Oscar Pistorius verdict: More questions than answers

2014-09-12 06:00

Legal minds were baffled as the first day in Oscar Pistorius’ judgment delivery drew to a close at the North Gauteng High Court yesterday afternoon.

Judge Thokozile Masipa found Paralympian Oscar Pistorius not guilty of murder - but he can still be found guilty of culpable homicide (manslaughter) with a maximum sentence of 15 years.

Lawyers in courtroom GD shook their heads and some members of Reeva Steenkamp’s family left with sunglasses over tear-stained cheeks.

The unfolding judgment proved a rollercoaster ride favouring the two opposing sides in turn, before starting to lean in Pistorius’ favour.

Judge Masipa said the defence team’s timeline of events on the night of the murder tipped the evidence in favour of Pistorius. She added that he had been an “evasive” witness.

“Amongst other things, Oscar was an evasive witness. There was an impression that he was worried about the impact of his answers,” said the judge.

Nevertheless, Judge Masipa appears to be leaning towards his defence of putative self-defence – meaning that she believes he genuinely thought his life was in danger when he shot and killed the “intruder” who turned out to be Steenkamp.

“I am of the view that the accused acted too hastily and with excessive force,” said Masipa, before adjourning the courtroom on the verge of what was considered a tense cliff-hanger. Masipa is expected to finish the judgment today.

Speaking on Talk Radio702 yesterday, criminal law expert Tyrone Maseko said he had concerns over the judgment so far.

“There were leaps and jumps in the reasoning. There were issues that were not quite ventilated. The glaring one for me is: Oscar Pistorius was not a good witness, as she said herself.
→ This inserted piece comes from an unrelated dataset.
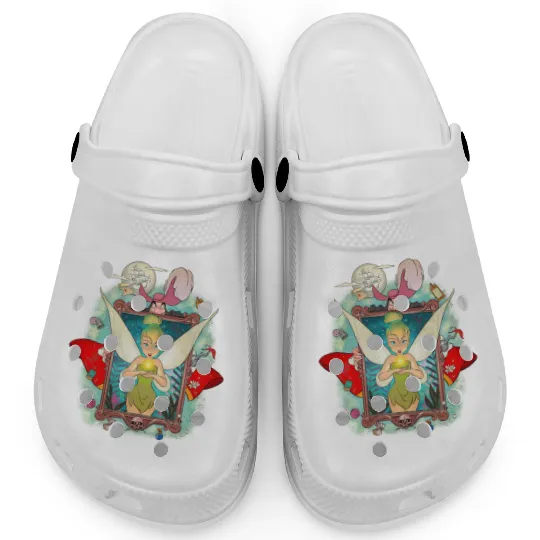 Retro Tinkerbell Clogs, Disney Princess Clogs, Disney Tinkerbell Clogs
What amazes me is that she seemed to have upheld this defence of putative self-defence.”

There is already talk that the state will appeal the judgment.

The following comment was made by a family member close to murdered Reeva Steenkamp.

A family member close to the Steenkamps said: “From what I gather it seems like the state will appeal the judgment. Certainly [Judge Masipa's] understanding of what constitutes Dolus Eventualis seems to differ from almost every legal mind. We shall see.”